A fully static React + TypeScript app for evaluating AI agents against turn‑based games. I made it because I wanted to see LLMs battle each other. Turns out they suck. Also made two games: chess and tic-tac toe. This should work wth OpenAI, Anthropic, Ollama, or your custom LLM. I only tested Deepsek and Anthropic.
Main idea is: you implement the interface, and if it satisfies the interface, it should work. You should provide the prompts for the LLM aswell. See the metadata.json files on public folder for examples.
If you want to try Chess or TicTacToe, they are in the public/ folder.
This loads user‑provided WebAssembly games that implement a minimal standard interface.
Required exports (C/wasm-bindgen style names shown as snake_case):
- get_initial_state() -> char* // JSON string of initial game state
- get_valid_moves() -> char* // JSON array of strings
- apply_move(move_ptr: char*) -> char*
- is_game_over() -> i32 // 1 or 0
- get_winner() -> char* // "player1" | "player2" | "draw"
- render() -> char* // optional pretty render string
Optional exports:
- get_game_name() -> char*
- get_current_player() -> char*
- get_game_description() -> char*
- get_move_notation(move_ptr: char*) -> char*
JSON formats:
- State: free‑form per game, but must be a valid JSON string. Example: {"board":"...","current_player":"player1","move_count":0}
- Moves: array of strings. Example: ["e2e4","g1f3"] or ["up","down","left","right"].

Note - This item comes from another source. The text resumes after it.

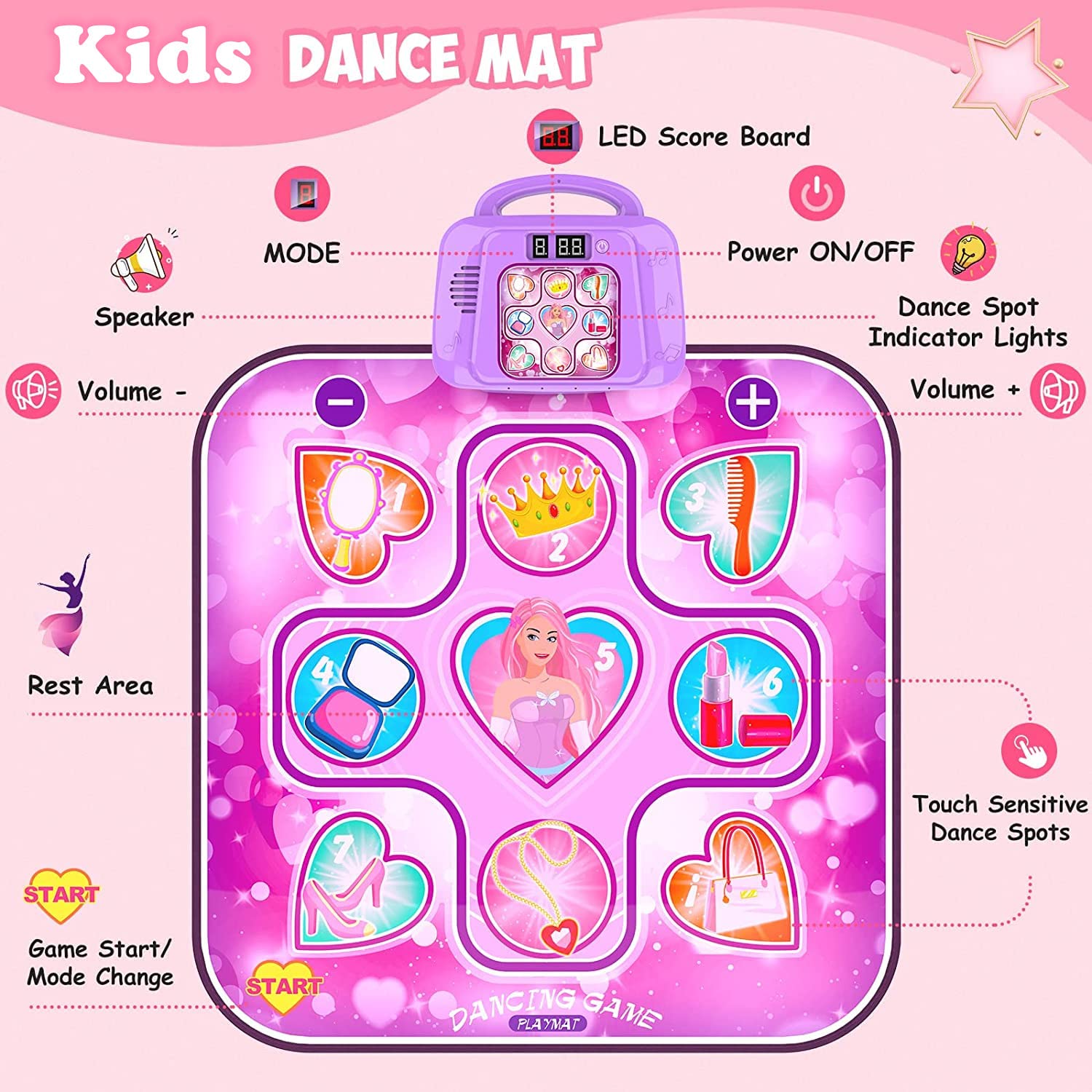 Tapis De Danse Enfant Avec 8 Flèches LED - 4 Modes De Jeu, Pliable, Pour 3-12 Ans - Idéal Cadeau Anniversaire Noël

- Winner: one of "player1", "player2", "draw", or empty/null while in‑progress.
Minimal metadata (supplied alongside WASM at upload time):
- name: string (required)
- Optional: description, gameType, tags, author, version, difficulty, aiPrompts
- Define your game logic and implement the exports above.

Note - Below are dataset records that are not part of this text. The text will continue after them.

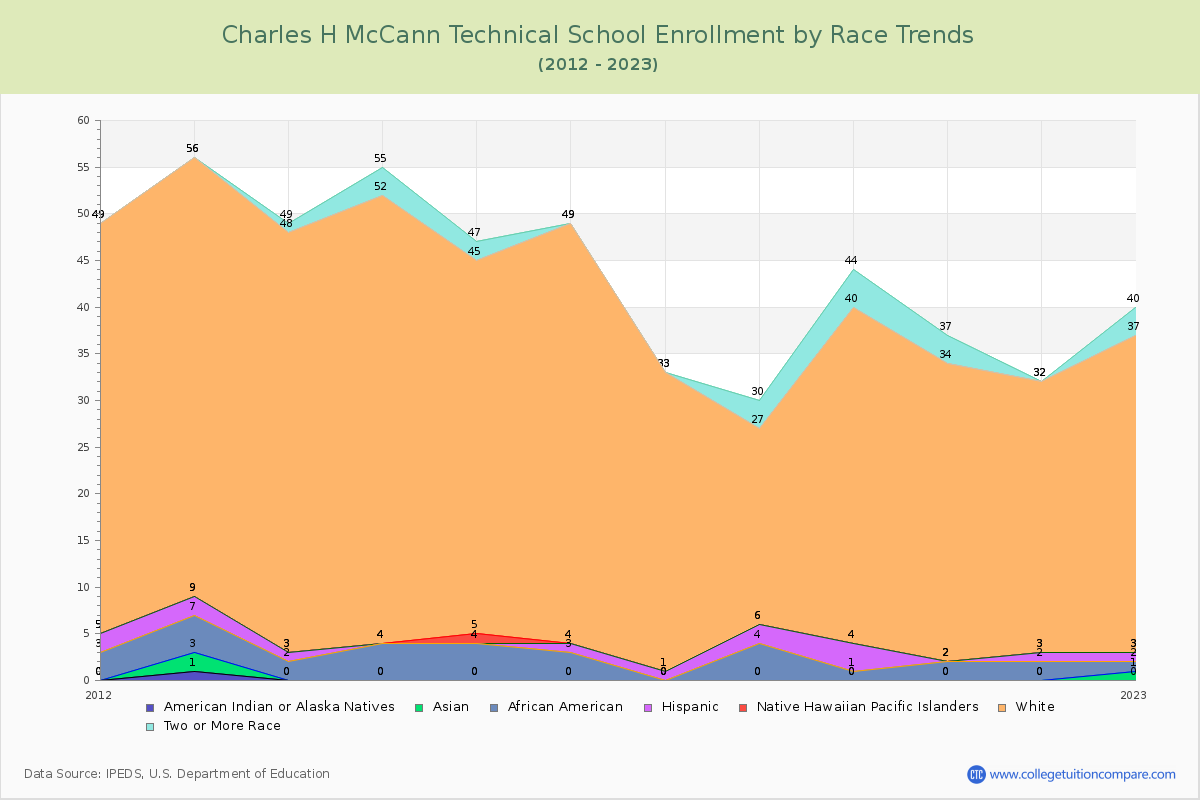Charles H McCann Technical School Enrollment by Race Trends Chart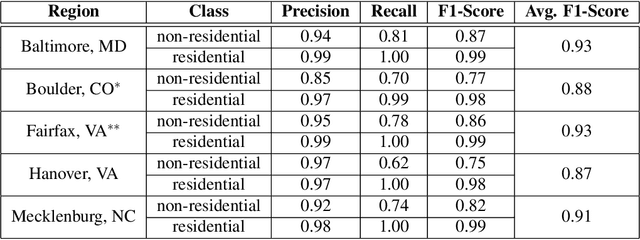 Figure 4 for Extracting the U.S. building types from OpenStreetMap data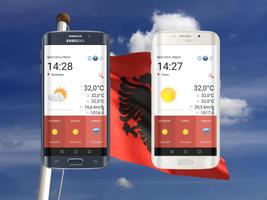Albania weather Affiche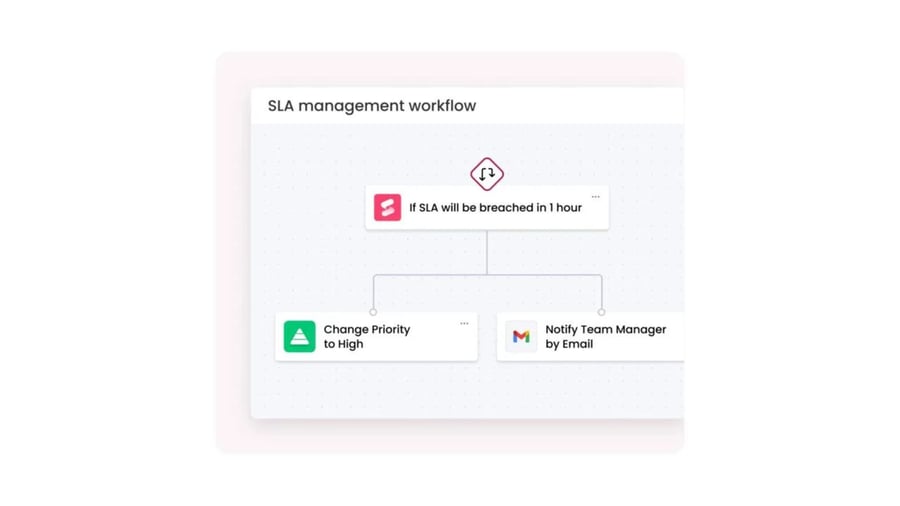 SLA management workflow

- Each exported function returns a pointer to a null‑terminated UTF‑8 string allocated in WASM memory.
- Provide a way to read input strings (e.g., apply_move receives a pointer to a C string).

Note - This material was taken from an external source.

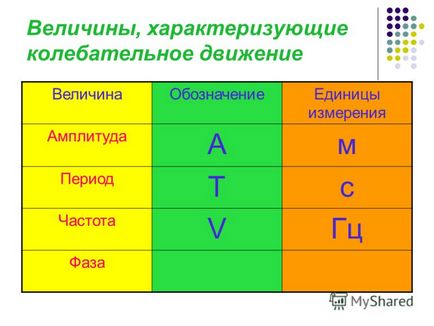 Презентація на тему світ звуків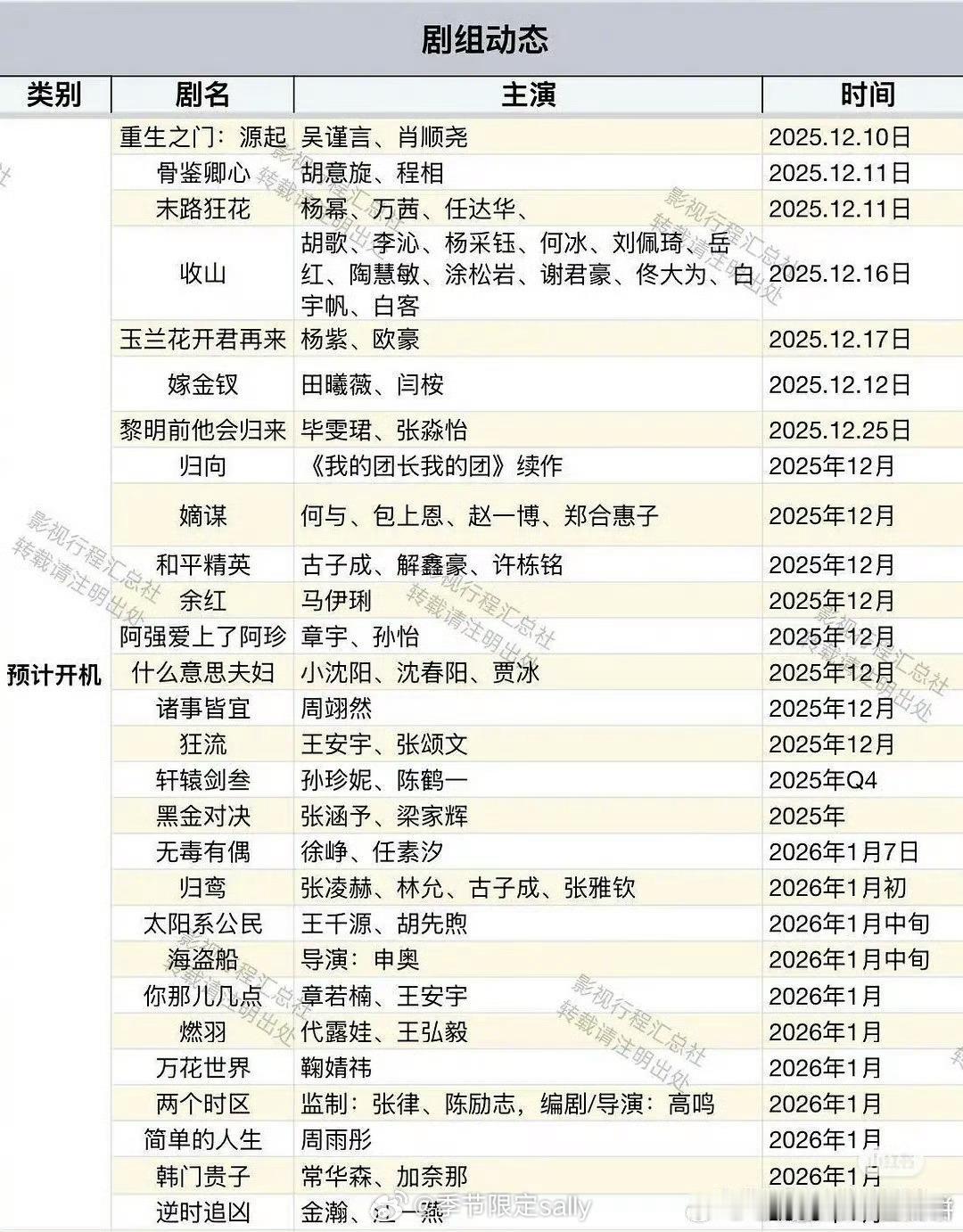 一些网传的即将开机的项目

- Build using wasm-pack with target web.
Example (very abbreviated Rust):
#[no_mangle]
pub extern "C" fn get_initial_state() -> *mut c_char { c_string("{\"current_player\":\"player1\"}") }
#[no_mangle]
pub extern "C" fn get_valid_moves() -> *mut c_char { c_string("[\"a\",\"b\"]") }
#[no_mangle]
pub extern "C" fn apply_move(ptr: *const c_char) -> *mut c_char { /* update state */ c_string("{...}") }
#[no_mangle]
pub extern "C" fn is_game_over() -> i32 { 0 }
#[no_mangle]
pub extern "C" fn get_winner() -> *mut c_char { c_string("") }
#[no_mangle]
pub extern "C" fn render() -> *mut c_char { c_string("ASCII board text") }
- Open the app → Upload WASM
- Select your .wasm file and optional metadata.json
- The app validates exports, loads the engine, and persists it in localStorage
- Start a match from Game Selection
Troubleshooting:
- If validation fails, ensure the required exports exist and memory is exported
- Make sure all returned strings are null‑terminated and valid UTF‑8
- Keep JSON outputs small to avoid memory issues; prefer concise encodings
Visit the live application at: https://nullwiz.github.io/llm-arena/
# Clone the repository
git clone https://github.com/nullwiz/llm-arena.git
cd llm-arena
# Install dependencies
npm install
# Start development server
npm run devTo use AI opponents, you'll need API keys from:
OpenAI (GPT models)
- Visit OpenAI Platform
- Create an account and add billing information
- Generate a new API key
Anthropic (Claude models)
- Visit Anthropic Console
- Create an account and add billing information
- Generate a new API key
- Click "Settings" in the top navigation
- Go to "AI Models" tab
- Click "Add Configuration"
- Enter your API key and select a model
- Save the configuration
- Return to the main page
- Select a game (Tic-Tac-Toe or Connect Four)
- Choose player types for Player 1 and Player 2
- Click "Start Game"
- Human player vs LLM agent
- Human player vs Rule-based AI
- Perfect for testing strategies against different AI types
- LLM agent vs LLM agent (watch AIs battle each other)
- LLM agent vs Rule-based AI
- Great for observing AI behavior and strategies
- Human vs Human
- Take turns on the same device
- Human vs Empty slot
- Practice mode or puzzle solving
Models are pretty stupid when it comes to turn-based games. You might waste some tokens.